A direct translation of the OCaml code to F# proved to be over 10× slower. This was so slow that it impeded testing of the initial translation so some optimization was done before the first working version. Specifically, profiling indicated that the biggest problem was the high rate of exceptions being raised and caught. Exceptions are around 600× slower on .NET than in OCaml and are often used for ordinary control flow in OCaml so direct translations to F# often suffer from poor performance as a consequence. In this case, the hot paths were changed to use union types (usually option types) instead of exceptions. Although this incurs a lot of unnecessary boxing in F# the performance improvements were substantial and the F# version became 5x slower than the OCaml.
Surprisingly, thorough testing showed that our almost-blind initial translation of 15,000 lines of code was completely error free. I think this is a real testament to the power of ML's static type system. In fact, the only error found to date was introduced during subsequent optimization.
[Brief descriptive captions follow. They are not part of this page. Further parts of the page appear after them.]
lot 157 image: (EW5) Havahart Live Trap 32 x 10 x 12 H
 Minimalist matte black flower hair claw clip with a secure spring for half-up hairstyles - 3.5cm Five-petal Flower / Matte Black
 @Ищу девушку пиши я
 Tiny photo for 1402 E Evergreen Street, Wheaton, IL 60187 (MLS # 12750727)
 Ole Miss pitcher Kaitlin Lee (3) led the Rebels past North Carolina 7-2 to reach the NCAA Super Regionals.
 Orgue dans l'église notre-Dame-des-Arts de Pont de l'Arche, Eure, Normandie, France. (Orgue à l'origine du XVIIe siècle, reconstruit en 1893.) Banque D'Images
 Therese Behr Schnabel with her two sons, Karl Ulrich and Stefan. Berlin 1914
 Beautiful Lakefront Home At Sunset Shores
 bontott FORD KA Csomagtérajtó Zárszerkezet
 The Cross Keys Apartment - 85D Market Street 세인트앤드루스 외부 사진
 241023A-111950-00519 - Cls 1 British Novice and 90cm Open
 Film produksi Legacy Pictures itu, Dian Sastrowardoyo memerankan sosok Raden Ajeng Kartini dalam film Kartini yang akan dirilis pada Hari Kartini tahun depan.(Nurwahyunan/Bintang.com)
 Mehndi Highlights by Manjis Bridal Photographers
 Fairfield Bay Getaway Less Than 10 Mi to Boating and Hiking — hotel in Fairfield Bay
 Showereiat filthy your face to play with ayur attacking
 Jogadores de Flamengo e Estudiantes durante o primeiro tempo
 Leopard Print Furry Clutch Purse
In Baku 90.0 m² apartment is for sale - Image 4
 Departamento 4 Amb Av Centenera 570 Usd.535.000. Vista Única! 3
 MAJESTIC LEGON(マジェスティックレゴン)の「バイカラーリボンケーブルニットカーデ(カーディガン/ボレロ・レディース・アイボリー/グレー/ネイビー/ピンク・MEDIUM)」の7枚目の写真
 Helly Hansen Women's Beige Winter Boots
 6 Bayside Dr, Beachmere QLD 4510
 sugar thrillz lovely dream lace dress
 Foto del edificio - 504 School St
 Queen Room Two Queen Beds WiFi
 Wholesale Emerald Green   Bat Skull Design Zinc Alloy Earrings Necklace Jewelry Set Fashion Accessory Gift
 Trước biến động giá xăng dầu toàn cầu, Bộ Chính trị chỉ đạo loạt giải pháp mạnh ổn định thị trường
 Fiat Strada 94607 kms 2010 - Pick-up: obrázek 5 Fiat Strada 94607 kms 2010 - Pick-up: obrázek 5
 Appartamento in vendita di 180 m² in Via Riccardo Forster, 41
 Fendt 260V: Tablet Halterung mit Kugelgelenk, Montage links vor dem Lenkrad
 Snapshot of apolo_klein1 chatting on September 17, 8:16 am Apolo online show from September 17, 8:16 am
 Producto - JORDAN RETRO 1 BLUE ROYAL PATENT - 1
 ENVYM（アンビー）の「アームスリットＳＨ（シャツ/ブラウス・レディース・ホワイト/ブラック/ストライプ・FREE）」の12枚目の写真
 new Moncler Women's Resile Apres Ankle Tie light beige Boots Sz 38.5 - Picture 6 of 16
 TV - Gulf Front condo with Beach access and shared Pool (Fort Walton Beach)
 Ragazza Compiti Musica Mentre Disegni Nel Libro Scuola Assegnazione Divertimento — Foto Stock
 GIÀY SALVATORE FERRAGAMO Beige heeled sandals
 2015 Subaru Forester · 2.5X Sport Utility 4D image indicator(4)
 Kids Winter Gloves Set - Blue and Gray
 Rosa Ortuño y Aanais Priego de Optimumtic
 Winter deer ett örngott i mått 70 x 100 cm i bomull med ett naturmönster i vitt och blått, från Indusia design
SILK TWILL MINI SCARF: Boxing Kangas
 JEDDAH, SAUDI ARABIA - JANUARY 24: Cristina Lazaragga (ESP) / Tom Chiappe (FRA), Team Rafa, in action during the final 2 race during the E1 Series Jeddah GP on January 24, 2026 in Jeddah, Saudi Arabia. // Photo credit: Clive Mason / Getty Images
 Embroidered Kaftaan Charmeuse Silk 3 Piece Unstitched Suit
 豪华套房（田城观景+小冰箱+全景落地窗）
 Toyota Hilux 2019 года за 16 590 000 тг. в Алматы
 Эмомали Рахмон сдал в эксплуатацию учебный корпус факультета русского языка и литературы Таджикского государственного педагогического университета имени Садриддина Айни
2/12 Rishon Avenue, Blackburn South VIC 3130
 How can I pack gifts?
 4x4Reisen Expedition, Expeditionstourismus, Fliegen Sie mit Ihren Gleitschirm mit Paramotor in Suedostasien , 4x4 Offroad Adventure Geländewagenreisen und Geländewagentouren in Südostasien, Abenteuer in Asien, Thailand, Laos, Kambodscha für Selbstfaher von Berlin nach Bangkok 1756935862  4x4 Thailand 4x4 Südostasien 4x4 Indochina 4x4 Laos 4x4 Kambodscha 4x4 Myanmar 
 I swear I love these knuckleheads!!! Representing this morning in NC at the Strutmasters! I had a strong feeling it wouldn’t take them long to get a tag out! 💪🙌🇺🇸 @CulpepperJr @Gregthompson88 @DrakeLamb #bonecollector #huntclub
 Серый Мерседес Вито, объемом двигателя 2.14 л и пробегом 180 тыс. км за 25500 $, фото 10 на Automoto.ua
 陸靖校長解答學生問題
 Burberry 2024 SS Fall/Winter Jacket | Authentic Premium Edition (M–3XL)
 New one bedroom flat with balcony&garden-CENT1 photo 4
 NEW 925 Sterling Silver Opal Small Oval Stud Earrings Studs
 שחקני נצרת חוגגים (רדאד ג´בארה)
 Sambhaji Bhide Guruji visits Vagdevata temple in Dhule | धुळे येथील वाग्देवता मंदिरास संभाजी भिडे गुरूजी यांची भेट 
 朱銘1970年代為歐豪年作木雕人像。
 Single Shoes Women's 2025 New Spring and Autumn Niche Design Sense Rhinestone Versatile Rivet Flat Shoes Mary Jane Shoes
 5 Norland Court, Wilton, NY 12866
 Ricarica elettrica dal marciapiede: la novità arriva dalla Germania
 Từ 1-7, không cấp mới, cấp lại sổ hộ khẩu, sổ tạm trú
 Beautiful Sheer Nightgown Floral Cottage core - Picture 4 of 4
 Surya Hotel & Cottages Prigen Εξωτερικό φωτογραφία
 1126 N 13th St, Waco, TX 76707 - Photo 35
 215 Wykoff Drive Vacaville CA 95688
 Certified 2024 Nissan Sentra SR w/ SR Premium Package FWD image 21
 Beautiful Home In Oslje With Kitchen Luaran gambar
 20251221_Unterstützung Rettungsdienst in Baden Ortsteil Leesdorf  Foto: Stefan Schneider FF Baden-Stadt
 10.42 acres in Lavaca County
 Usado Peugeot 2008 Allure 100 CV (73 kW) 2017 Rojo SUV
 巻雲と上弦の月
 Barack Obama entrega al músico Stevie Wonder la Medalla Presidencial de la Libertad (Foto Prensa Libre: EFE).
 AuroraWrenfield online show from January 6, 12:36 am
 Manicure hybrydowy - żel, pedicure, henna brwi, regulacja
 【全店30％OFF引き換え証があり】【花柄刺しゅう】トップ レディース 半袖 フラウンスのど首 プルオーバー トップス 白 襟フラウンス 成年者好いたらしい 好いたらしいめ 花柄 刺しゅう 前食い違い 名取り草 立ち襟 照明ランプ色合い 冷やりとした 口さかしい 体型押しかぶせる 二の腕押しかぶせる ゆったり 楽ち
After demonstrating the correctness of the translation, effort turned to trying to improve performance in an attempt to compete with the original OCaml code. We expected this to be extremely difficult because OCaml is very heavily optimized for exactly this kind of workload. However, we were actually able to exceed OCaml's performance. This was accomplished by taking a regimented approach where the program was profiled to identify the main hot spots and actions were taken to improve overall performance but only the most effective optimizations were retained before repeating the process and all results (including failures) were carefully recorded. This allowed us to produce a fast code base that was still as familiar as possible to its developers. In particular, the support for parallel programming in .NET 4 and F# 2.0 proved invaluable and was the final boost we needed to exceed OCaml's performance.
This case study proves that it is possible to migrate significant commercial code bases from OCaml to F# without suffering performance degradation. Beyond metaprogramming, we have found that many practical applications see substantial speed improvements when moved from OCaml to F# often due to better support for multicore but also better support for unboxing.